Having retrieved all he could from the scene, Moir had then travelled back up to Newcastle to await the results of the forensic tests and the post mortem.

Preliminary results came through quickly: it was Jason. Next came the part Moir had been dreading even more than finding the body: informing Mandy Winship and asking her to make a positive ID of her dead son.

He drove around to her flat; he was hoping to postpone the moment, but unfortunately she was in. She seemed to have aged since he last saw her and the flat, not much to start with, had clearly been left to go to hell. As he was talking to her, an overweight, middle-aged man, wearing nothing but a pair of old, stained Y-fronts, appeared from the bedroom. She shouted at the man to leave; without protest he grabbed his clothes and slammed the door behind him.

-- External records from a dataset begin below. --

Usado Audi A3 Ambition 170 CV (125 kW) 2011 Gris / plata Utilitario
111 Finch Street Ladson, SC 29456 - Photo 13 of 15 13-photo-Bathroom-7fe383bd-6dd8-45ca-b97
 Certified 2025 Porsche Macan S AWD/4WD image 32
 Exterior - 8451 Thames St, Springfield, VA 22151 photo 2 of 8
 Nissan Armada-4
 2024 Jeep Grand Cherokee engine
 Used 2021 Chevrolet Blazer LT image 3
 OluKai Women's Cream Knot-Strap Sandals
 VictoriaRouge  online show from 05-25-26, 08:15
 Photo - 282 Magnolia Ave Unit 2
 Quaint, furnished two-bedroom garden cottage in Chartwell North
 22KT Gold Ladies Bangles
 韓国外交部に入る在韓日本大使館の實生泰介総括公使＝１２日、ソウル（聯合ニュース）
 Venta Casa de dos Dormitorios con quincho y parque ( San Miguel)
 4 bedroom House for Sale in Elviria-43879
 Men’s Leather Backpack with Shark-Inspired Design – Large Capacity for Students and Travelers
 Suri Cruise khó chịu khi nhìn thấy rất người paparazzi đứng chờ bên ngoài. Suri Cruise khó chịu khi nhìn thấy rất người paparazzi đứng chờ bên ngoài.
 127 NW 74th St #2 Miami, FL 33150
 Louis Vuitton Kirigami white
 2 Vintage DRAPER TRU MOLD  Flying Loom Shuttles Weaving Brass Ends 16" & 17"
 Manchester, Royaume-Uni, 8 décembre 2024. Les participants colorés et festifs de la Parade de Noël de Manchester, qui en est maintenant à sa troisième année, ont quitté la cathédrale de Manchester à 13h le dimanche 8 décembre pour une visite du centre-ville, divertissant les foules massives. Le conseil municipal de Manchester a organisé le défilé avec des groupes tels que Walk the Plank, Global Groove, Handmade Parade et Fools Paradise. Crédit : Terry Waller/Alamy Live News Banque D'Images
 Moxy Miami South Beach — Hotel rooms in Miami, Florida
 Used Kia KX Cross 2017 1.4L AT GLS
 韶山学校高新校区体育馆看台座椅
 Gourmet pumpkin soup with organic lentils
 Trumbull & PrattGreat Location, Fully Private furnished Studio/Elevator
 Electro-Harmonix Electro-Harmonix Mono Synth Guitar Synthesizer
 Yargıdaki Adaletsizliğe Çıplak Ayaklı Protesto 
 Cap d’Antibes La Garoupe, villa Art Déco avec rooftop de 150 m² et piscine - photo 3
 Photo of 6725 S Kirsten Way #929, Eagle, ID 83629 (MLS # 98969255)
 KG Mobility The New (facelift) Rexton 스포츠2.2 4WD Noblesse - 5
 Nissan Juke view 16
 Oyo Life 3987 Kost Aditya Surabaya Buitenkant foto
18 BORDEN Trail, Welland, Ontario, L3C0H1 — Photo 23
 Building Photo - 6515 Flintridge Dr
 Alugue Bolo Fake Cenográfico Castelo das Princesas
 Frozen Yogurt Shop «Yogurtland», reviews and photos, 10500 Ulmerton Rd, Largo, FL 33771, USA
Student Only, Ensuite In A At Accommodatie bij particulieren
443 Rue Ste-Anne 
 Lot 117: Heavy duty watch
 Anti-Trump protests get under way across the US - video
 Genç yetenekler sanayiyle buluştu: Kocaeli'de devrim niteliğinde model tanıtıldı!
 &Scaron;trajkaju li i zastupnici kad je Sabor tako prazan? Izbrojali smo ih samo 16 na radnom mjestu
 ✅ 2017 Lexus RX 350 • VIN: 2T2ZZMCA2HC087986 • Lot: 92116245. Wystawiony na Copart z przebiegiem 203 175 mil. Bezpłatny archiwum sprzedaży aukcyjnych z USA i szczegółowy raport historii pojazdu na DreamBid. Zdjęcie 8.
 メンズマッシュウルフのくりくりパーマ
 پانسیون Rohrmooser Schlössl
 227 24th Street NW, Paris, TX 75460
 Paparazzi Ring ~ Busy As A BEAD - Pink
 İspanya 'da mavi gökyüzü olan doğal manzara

Moir looked at Mandy perched in a cheap dessing-gown on the edge of her worn, old armchair beside the unlit gas fire, shaking, chain-smoking one Embassy after another, hunched into a self-protecting foetal ball. His heart went out to her. She wasn’t the angry, ignorant person she had been on his last visit, the kind of person Moir came across and despised in a professional capacity every day on the other side of the wire; grief had changed her. He saw now that she was just an ordinary woman, poorly brought up, badly educated, with low self-esteem; ill-equipped to survive life’s pitfalls. A woman created by her ancestry and environment, unable to move forward, stuck at the fag-end of society. But above all, a woman who had just lost her child.